Abu Dhabi-based petroleum retailer ADNOC Distribution is acquiring Shell’s petrol stations and fuel business in South Africa in a deal valued at approximately $1 billion.

The transaction gives Abu Dhabi a foothold in Africa’s fuel market and represents one of the most visible recent examples of a broader Gulf investment trend across the continent.

According to UK-based think tank Chatham House, Gulf Cooperation Council member states have collectively invested more than $100 billion in Africa over the past decade.

The UAE accounts for roughly $59 billion of that total, while Saudi Arabia contributes approximately $26 billion, making both nations the dominant Gulf investors on the continent.

“For the Gulf states, Africa isn’t some far away region — it’s right in their neighborhood,” said Stephan Roll, a senior fellow in the Africa and Middle East division at the German Institute for International and Security Affairs.

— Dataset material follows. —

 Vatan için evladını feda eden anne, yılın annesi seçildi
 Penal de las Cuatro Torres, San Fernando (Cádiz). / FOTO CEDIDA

Roll noted that eastern Africa sits along central trade routes and that the two regions have maintained deep social and economic ties for decades, making the Gulf’s growing engagement a natural progression.

Maddalena Procopio, a senior policy fellow in the Africa program at the European Council on Foreign Relations, pointed to economic diversification as the central driver behind the Gulf’s shift in strategy toward Africa.

“One of the biggest reasons why they started to look at Africa differently, especially over the past 10 years or so, has been the need to diversify away from hydrocarbons and also strengthen their own economic projection,” Procopio explained.

She added that Gulf states began recognizing Africa as “an incredible potential market, where they could basically have revenues in sectors that they haven’t ventured into.”

Analyses from institutions including the Brookings Institution, Chatham House, and the African Development Bank identify energy, ports, logistics, agriculture, and critical raw materials as the primary focus areas for Gulf investment.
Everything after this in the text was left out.